Insieme all’Associazione Senegalese di Bologna, alla Diaspora Ivoriana dell’Emilia-Romagna, proseguiamo la campagna di denunce contro il razzismo istituzionale che pervade il sistema dell’accoglienza e gli effetti concreti che ha sulla vita delle e dei migranti e di tutti. 

Comunicato #2

Due mesi dopo aver fatto domanda di protezione internazionale i richiedenti asilo – per legge – possono lavorare. Solo che con i documenti precari forniti dalla Questura di Bologna ricevuta della consegna del modello C3 e cedolino in attesa di consegna del permessoquesta possibilità nei fatti non esiste. Prendiamo un caso concreto. Un migrante trova un lavoro ma prima di firmare il contratto deve fornire i suoi dati a chi lo assume, compreso il numero di permesso di soggiorno e il codice fiscale. L’attestato di ricevuta del modello C/3, che per la legge e i suoi esecutori in Questura ha tutta l’aria di essere un permesso di soggiorno, include un codice fiscale provvisorio che i datori di lavoro non riconoscono. Così, per tenersi quel lavoro che sembrava aver conquistato, il migrante va all’Agenzia delle Entrate per avere un codice fiscale definitivo, ma non può ottenerlo senza un documento di riconoscimento valido. Il fatto è che l’Agenzia delle Entrate non riconosce come tale la ricevuta del modello C/3, nonostante le convinzioni della Questura!
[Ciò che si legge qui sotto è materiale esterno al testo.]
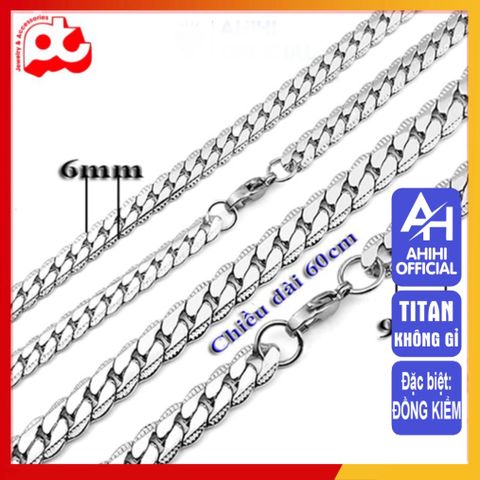 Dây Chuyền Titan Nam Cao Cấp - Phong Cách Mạnh Mẽ, Đẹp, Chống Oxy Hóa, Phụ Kiện Thời Trang Nam Lịch Lãm, Dễ Dàng Điều Chỉnh Kích Cỡ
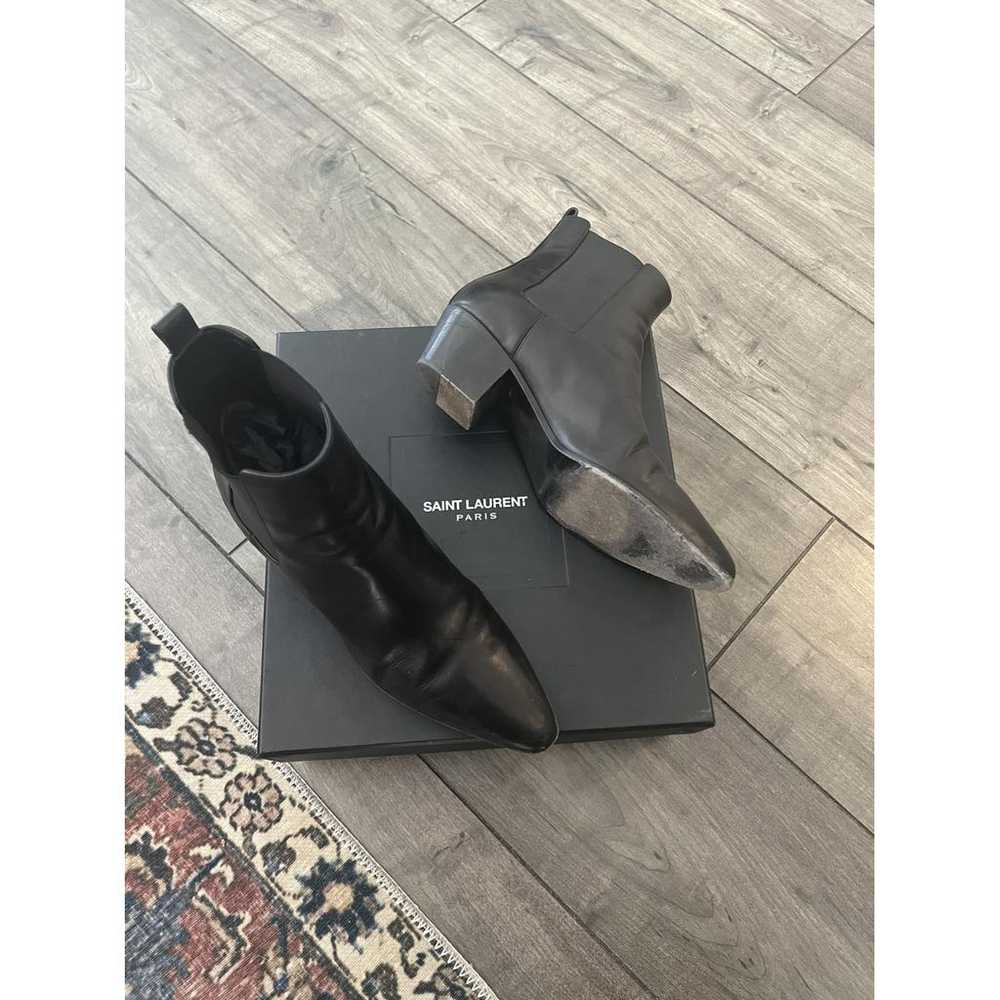 Saint Laurent Leather ankle boots - image 2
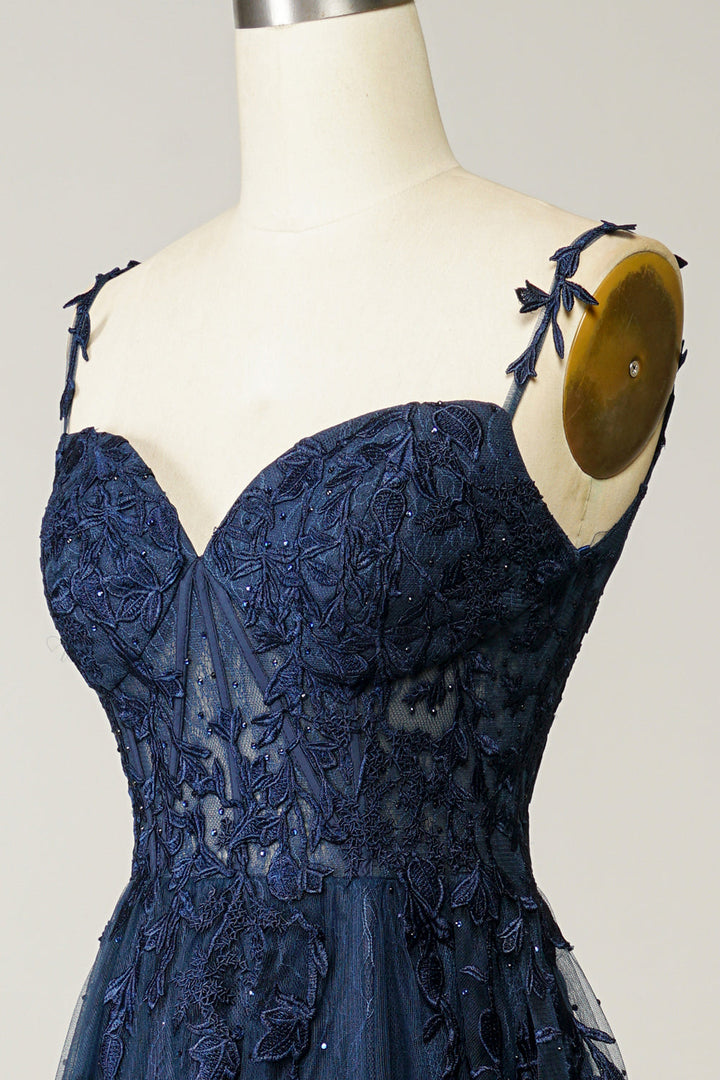 Stunning A-line ball gown, an elegant prom dress for women, perfect for special occasions.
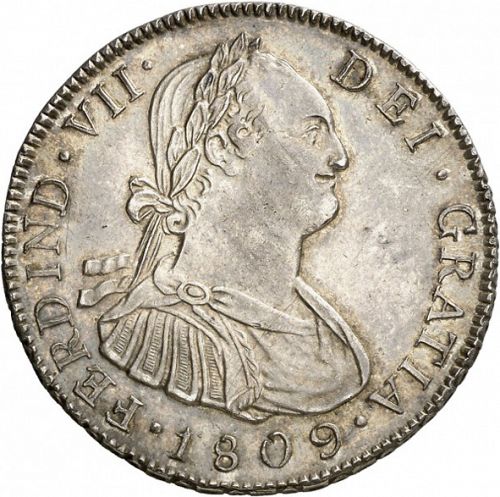 4 Reales Obverse Image minted in SPAIN in 1809M (1808-33  -  FERNANDO VII)  - The Coin Database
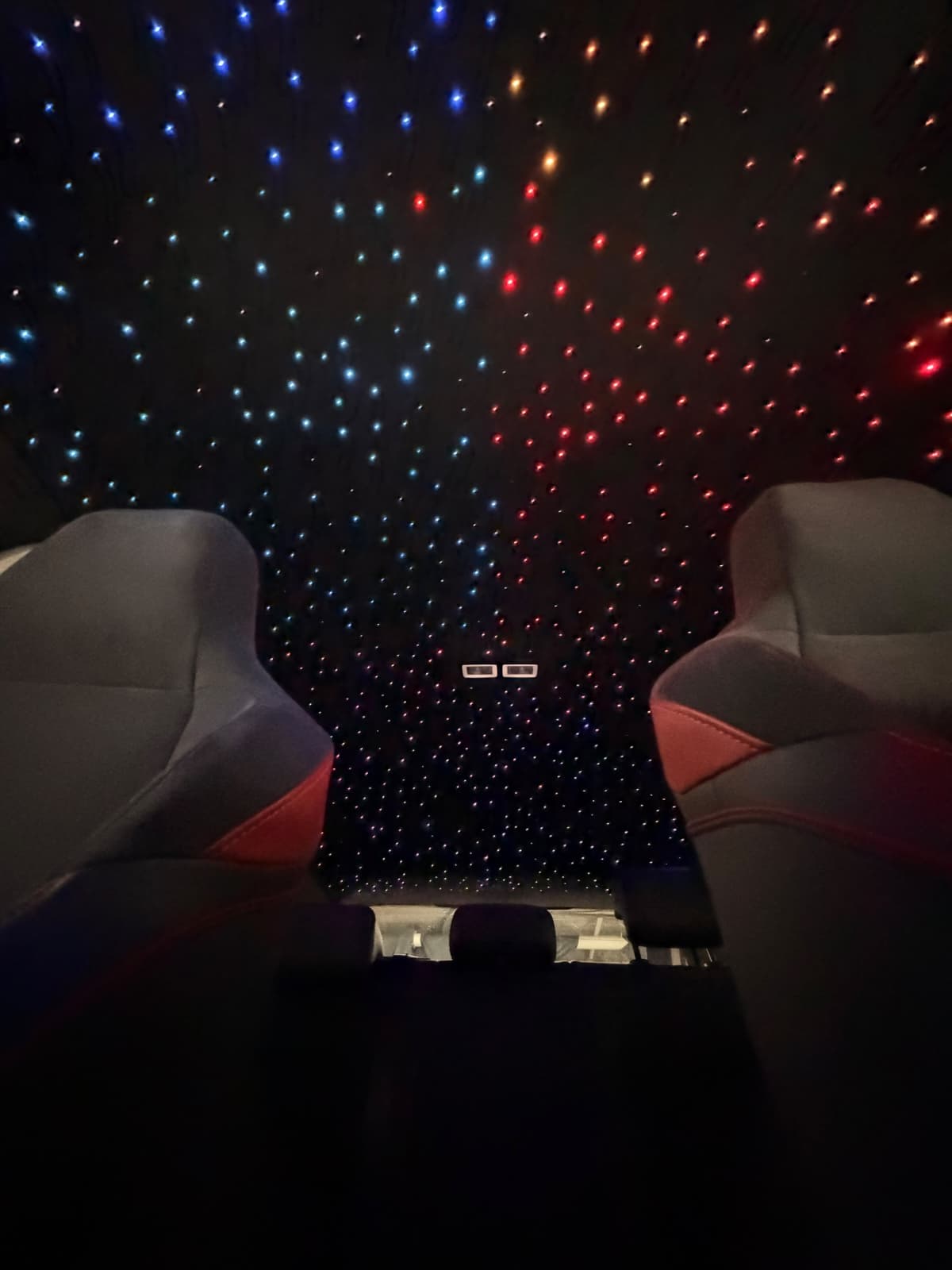 Golf GTI MK8 Clubsport starlight headliner interior view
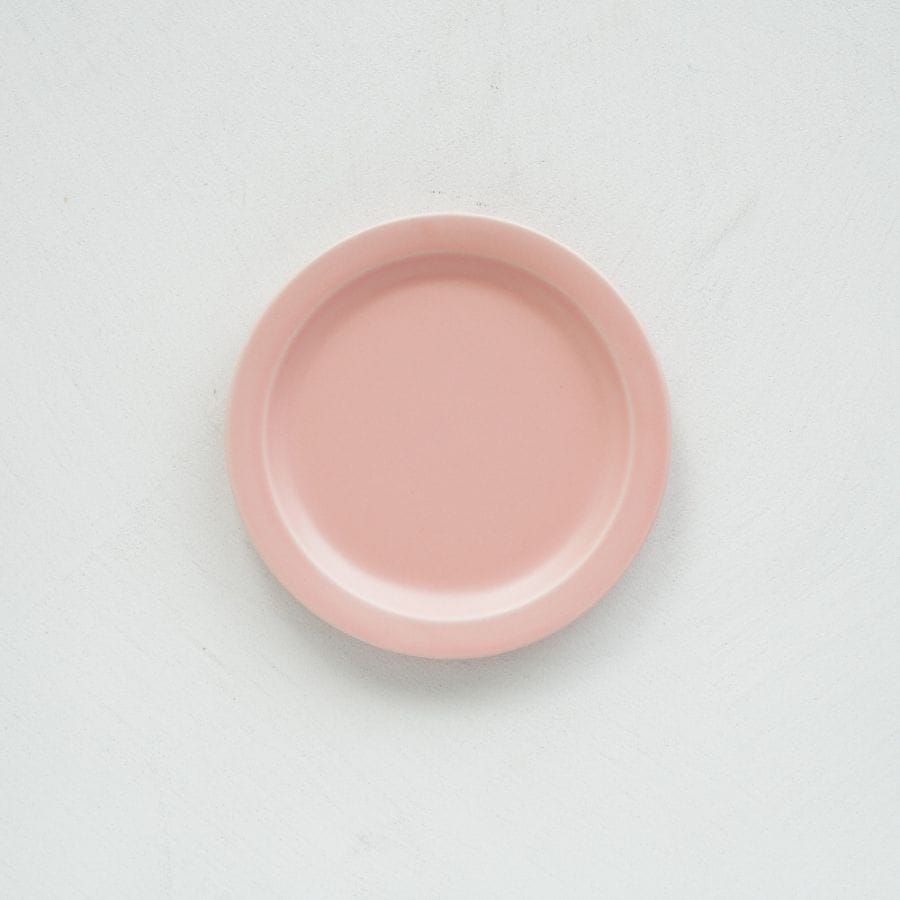 作山窯 Sara ソーサー皿 ピンク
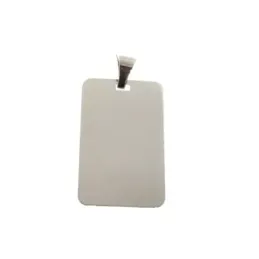 Colgante plata ley 925m 25mm. chapa lisa [AA7966]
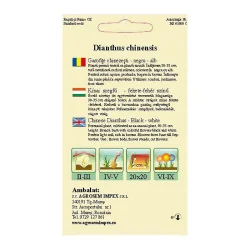 Seminte de garofe chinezesti black - white 0.5g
Non solo: se mai il migrante riuscisse a superare questo ostacolo, il datore di lavoro gli chiederà di aprire un conto in banca su cui versare lo stipendio. E come può aprirlo senza un permesso di soggiorno e un codice fiscale ritenuti validi? Ecco l’odissea a cui sono condannati i richiedenti asilo, “colpevoli” di volersi trovare un lavoro.

Così, bloccato nel labirinto del razzismo istituzionale che contraddistingue il sistema dell’accoglienza, il richiedente asilo può dire addio al lavoro e sopportare, oltre al danno, la beffa di essere additato come uno che vive a spese degli italiani. Che cosa ha da dire la Questura di Bologna di tutto questo? Non si rende conto che in questo modo alimenta visioni razziste, mentre rende sempre più insicura la vita dei migranti lasciandoli senza lavoro? Non crede che questo sistema e le sue inadempienze spingano verso il lavoro nero, come quello che i migranti svolgono nell’ortofrutta o ai banchi dei commercianti alla Piazzola per due ore all’ora? Il fatto è che il lavoro nero è l’unico che puoi permetterti se hai in mano dei documenti precari!